PowerPoint is the weakest link PowerPoint for iPad is a weak version of PowerPoint, and it is far less capable than Apple’s Keynote for iPad. Keynote is an amazing app, better than PowerPoint for Windows and OS X, perhaps because it was designed for the exacting Steve Jobs. Putting aside that high standard, PowerPoint for iPad doesn’t compare well to Microsoft’s computer versions, as it should.

You can’t search and replace, password-protect files, apply hyperlinks or in-presentation links, or control presentations on another device — all things Keynote can do. You can’t apply transition and build effects to individual items as Keynote can — just to entire slides — though any such item transitions are at least retained when opened in PowerPoint for iPad. You can see comments made on the desktop version of PowerPoint, but not add your own.

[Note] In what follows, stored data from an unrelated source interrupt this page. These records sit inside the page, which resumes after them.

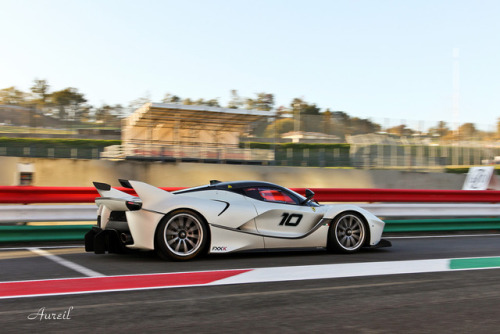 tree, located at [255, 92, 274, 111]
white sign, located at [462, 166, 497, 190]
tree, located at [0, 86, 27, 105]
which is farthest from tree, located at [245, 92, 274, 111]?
white sign, located at [462, 166, 497, 190]

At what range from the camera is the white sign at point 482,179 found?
18188 mm

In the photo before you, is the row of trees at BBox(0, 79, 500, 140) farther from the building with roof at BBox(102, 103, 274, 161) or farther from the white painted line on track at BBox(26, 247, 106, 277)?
the white painted line on track at BBox(26, 247, 106, 277)

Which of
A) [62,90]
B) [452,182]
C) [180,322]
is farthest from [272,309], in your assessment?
[62,90]

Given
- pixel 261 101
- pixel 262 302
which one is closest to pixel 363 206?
pixel 262 302

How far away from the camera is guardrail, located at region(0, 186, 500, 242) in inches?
356

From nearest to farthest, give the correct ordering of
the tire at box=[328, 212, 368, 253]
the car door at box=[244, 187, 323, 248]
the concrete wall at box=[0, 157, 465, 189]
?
the car door at box=[244, 187, 323, 248], the tire at box=[328, 212, 368, 253], the concrete wall at box=[0, 157, 465, 189]

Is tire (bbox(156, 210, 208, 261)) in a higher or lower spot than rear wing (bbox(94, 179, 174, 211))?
lower

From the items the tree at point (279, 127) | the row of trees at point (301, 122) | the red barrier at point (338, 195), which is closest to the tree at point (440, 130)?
the row of trees at point (301, 122)

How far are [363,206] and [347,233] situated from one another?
3.42 metres

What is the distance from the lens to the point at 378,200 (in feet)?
38.2

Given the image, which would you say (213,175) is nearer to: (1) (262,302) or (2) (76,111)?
(2) (76,111)

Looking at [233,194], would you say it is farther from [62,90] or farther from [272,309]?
[62,90]

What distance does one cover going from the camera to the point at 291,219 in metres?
7.51

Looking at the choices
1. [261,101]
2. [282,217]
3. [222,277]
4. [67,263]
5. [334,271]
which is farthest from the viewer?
[261,101] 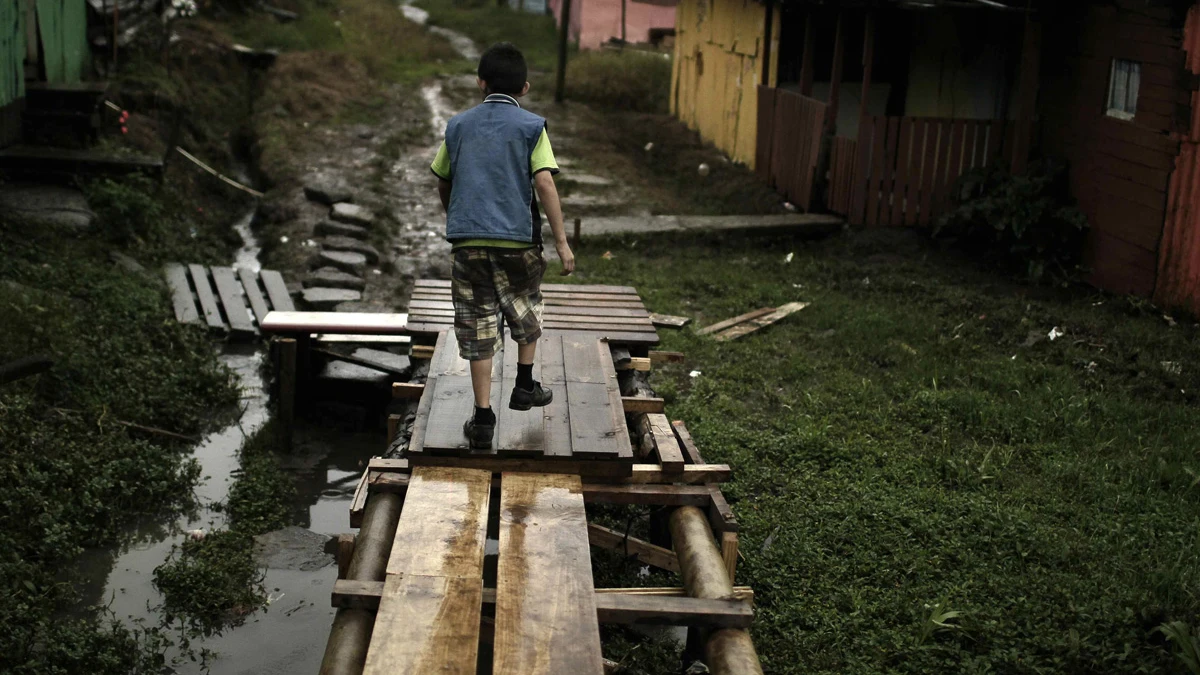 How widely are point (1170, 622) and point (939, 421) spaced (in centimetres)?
261

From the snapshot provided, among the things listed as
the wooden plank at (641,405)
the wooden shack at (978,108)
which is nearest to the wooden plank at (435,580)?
the wooden plank at (641,405)

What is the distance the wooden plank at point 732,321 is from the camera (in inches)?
369

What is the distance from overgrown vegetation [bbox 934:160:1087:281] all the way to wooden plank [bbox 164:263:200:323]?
23.7ft

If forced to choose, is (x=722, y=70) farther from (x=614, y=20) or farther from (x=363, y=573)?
(x=363, y=573)

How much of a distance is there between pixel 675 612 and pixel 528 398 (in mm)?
1590

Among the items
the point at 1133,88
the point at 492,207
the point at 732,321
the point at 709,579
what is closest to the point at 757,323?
the point at 732,321

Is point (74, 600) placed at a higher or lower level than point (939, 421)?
lower

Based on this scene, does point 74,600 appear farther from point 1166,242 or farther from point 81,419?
point 1166,242

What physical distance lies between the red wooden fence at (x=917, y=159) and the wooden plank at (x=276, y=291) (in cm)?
614

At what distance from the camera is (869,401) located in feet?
25.5

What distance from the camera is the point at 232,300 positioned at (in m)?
10.2

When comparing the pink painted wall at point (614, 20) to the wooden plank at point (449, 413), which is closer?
the wooden plank at point (449, 413)

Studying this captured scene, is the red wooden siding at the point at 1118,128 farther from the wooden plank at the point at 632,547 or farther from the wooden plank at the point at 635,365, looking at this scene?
the wooden plank at the point at 632,547

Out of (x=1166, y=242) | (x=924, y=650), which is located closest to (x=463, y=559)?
(x=924, y=650) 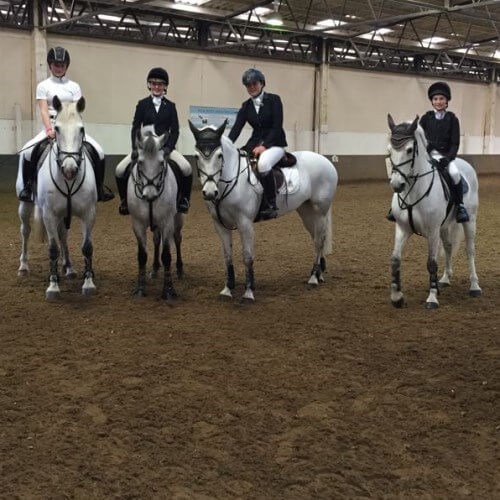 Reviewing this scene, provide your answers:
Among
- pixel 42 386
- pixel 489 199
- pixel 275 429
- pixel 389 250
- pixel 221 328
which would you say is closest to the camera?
pixel 275 429

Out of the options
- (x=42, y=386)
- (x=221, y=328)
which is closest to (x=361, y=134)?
(x=221, y=328)

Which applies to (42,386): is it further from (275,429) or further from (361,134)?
(361,134)

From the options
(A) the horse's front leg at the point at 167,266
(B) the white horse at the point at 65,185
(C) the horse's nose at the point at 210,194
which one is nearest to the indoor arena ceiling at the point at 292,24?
(B) the white horse at the point at 65,185

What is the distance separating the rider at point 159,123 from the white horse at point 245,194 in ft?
1.93

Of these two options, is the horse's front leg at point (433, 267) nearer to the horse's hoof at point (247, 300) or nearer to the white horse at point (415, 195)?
the white horse at point (415, 195)

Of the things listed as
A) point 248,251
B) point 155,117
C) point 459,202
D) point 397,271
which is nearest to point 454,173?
point 459,202

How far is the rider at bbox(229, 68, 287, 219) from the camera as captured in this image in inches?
241

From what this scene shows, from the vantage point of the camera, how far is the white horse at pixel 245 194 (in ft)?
17.6

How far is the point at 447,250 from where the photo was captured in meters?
6.65

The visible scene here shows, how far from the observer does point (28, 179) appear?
6438 mm

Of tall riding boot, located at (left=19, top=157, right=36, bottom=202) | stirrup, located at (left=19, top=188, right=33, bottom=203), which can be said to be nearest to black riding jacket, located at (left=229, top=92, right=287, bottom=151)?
tall riding boot, located at (left=19, top=157, right=36, bottom=202)

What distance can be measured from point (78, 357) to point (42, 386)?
570 millimetres

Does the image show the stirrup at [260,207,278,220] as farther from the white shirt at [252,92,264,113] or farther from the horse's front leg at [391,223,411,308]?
the horse's front leg at [391,223,411,308]

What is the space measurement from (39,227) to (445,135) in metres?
4.67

The notes view obscures your slide view (a flaw shared by Keynote). I often couldn’t type notes in existing presentations — the onscreen keyboard would not display — nor could I paste text into the notes in those cases. PowerPoint also crashed several times when saving new documents.

PowerPoint for iPad is more than a viewer but less than a creator. It’s fine for basic editing and simple presentations. But road warriors can do so much more in Keynote.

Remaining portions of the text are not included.